The act of telling a story like this one cannot possibly be simple.

At her best, the woman is kind, attentive and loving—the kind of partner who washes your dirty clothes for you because you saw dozens of spiders in the laundry room and freaked. “Sometimes when you catch her looking at you, you feel like the luckiest person in the whole world,” Machado writes. But at her worst, she’s manipulative, spiteful and at times physically abusive. In “Dream House as House in Florida,” Machado remembers confronting her partner about an earlier event in which she gripped her arm so tightly that it bruised. “Her expression is flat for a half-second before her chin begins to tremble,” she writes. “‘I’m so sorry,’ she says. ‘I didn’t mean it. You know I love you, right?’” And so the cycle goes: abuse, followed by apology, followed by abuse, followed by apology, followed by abuse. “Sometimes when you catch her looking at you, you feel like the most scrutinized person in the world,” she writes in a later chapter.

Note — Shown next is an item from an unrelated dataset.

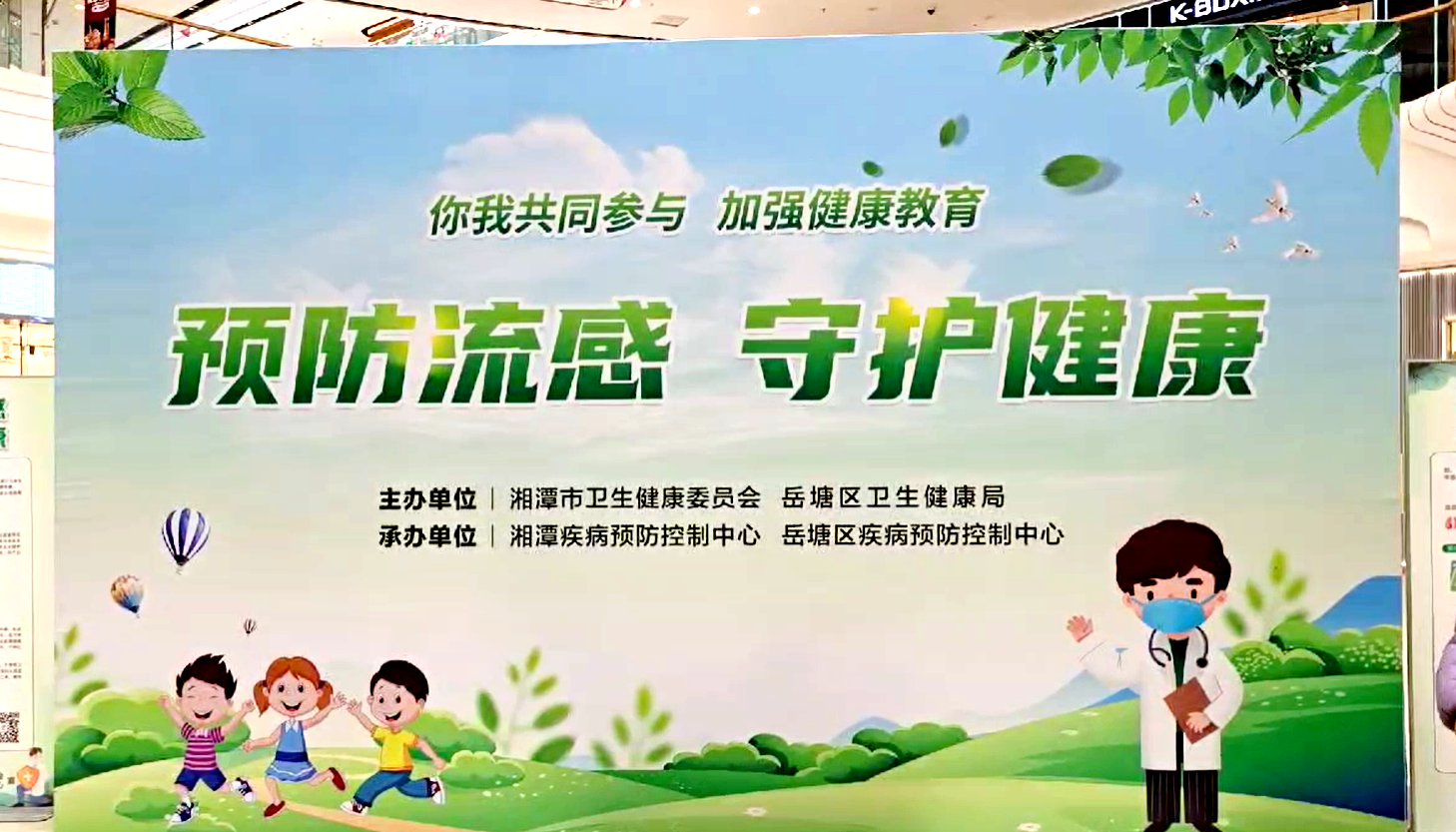 红视频丨湘潭市2024年春季预防流感宣传活动进商超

For people whose narratives are already starved of visibility, the act of telling a story like this one cannot possibly be simple. Because inevitably, to some, the image of a lesbian woman who maims and destroys will only serve to confirm their belief that all lesbian women are depraved and destructive. “If your family found out they’d probably think it proved every idea they’ve ever had about lesbians,” writes Machado. “And you wish she was a man because then at least it could reinforce ideas people had about men.” But Machado’s work wouldn’t be what it is—unbridled, transgressive and necessary—if she eschewed the things that are not so easy to name in favor of the simple.